Because of a dwindling supply of petroleum liquids from underground reservoirs, attention has recently been focused on the recovery of hydrocarbon liquids and gases from solids such as oil shale, coal, industrial and municipal solid wastes and the like. Work by both governmental agencies and private industry has demonstrated that the organic material in such solids can be converted with varying degrees of difficulty into volatile hydrocarbonaceous fluids such as combustible gases, motor fuels, heating and fuel oils, and various by-products which have value in chemical and petrochemical industries. In general, the more attractive of the recovery techniques previously proposed involve the heat treatment of such solids in a manner sufficient to distill or otherwise decompose the organic material into the above-mentioned volatile hydrocarbonaceous products. Such techniques, which are commonly referred to as retorting or pyrolysis processes, take on a multitude of forms, including batch or continuous schemes utilizing fixed, moving or fluidized beds wherein either a portion of the solid organic material itself is combusted to supply the pyrolysis heat, or the pyrolysis heat is generated externally and supplied to the process via a gaseous, liquid or solid heat carrier.
Oil shale is considered to be one of the best candidates of all carbon-containing materials for processing in such a retorting or pyrolysis scheme since it comprises a mixture of a minor amount of solid organic matter called kerogen and a major amount of mineral matter. Because of the physical and chemical compositions of oil shale, its organic content has not been found to be economically recoverable by any technique other than the application of heat via pyrolysis or retorting. When mined oil shale is retorted, the solid organic matter undergoes destructive pyrolysis and a large percentage of the organic matter is converted to liquid and light gaseous hydrocarbonaceous products with the remainder staying as a carbon-rich residue in the mineral matrix.
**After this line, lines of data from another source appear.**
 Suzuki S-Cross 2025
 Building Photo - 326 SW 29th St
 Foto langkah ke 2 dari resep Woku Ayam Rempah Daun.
Processes for recovering hydrocarbonaceous products from raw oil shale are generally classified into four categories according to the method in which the heat is supplied. These categories are as follows: (1) heat is transferred from an external source through the walls of the retorting vessel; (2) heat is supplied by direct combustion in the retorting vessel; (3) heat is supplied by passing an externally heated gas into the retorting vessel; or (4) heat is supplied by introducing externally heated solids into the retorting apparatus. The known processes which fall in category (1) have a major disadvantage in that there is a substantial amount of organic matter left in the retorted oil shale and this in turn substantially decreases the economics of the overall process. The processes encompassed by category (2) in which combustion is carried out in the retort itself avoids the problem of not converting a substantial amount of the organic material present but have disadvantages in that the product is diluted by the combustion gases produced, the naphtha yields are lower because the light vapors burn and there is a tendency for the shale to overheat and form clinkers in the retort.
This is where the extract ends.